GIVEN INFORMATION:

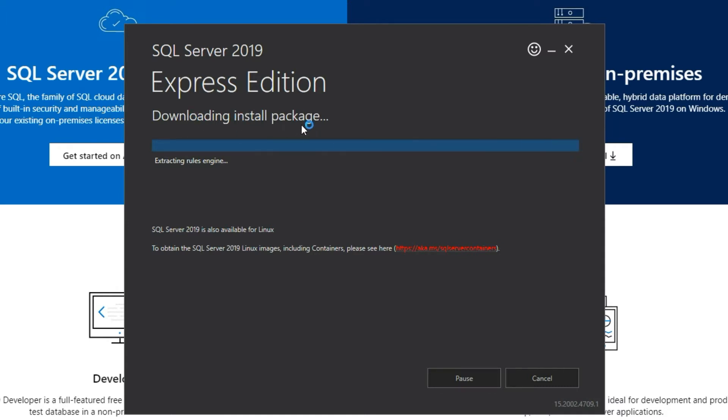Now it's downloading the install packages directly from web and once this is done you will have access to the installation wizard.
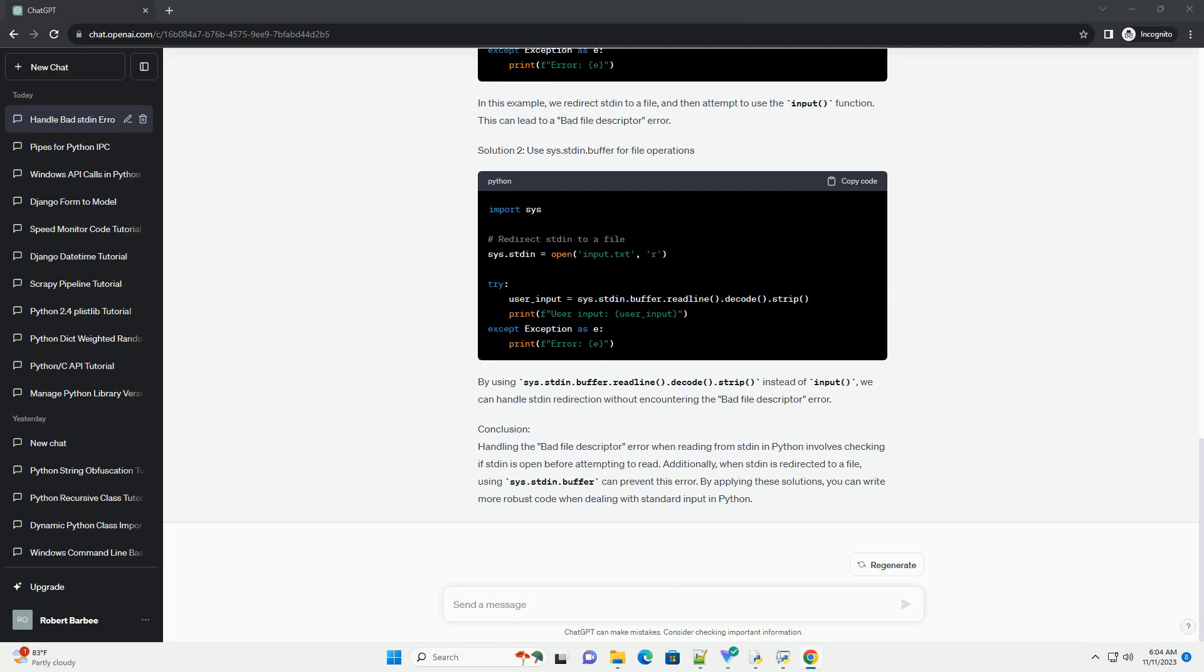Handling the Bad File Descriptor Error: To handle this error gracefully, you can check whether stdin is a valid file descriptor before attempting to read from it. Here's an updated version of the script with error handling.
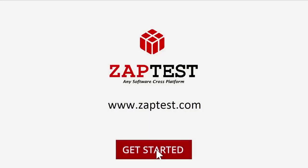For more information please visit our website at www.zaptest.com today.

DIRECTIONS:
Output nothing but the lines from the one containing "Handling the Bad" to the end of the listing, both ends included, reproduced exactly. Pictures stay out.

COMPLETED EXERCISE:
Handling the Bad File Descriptor Error: To handle this error gracefully, you can check whether stdin is a valid file descriptor before attempting to read from it. Here's an updated version of the script with error handling.
For more information please visit our website at www.zaptest.com today.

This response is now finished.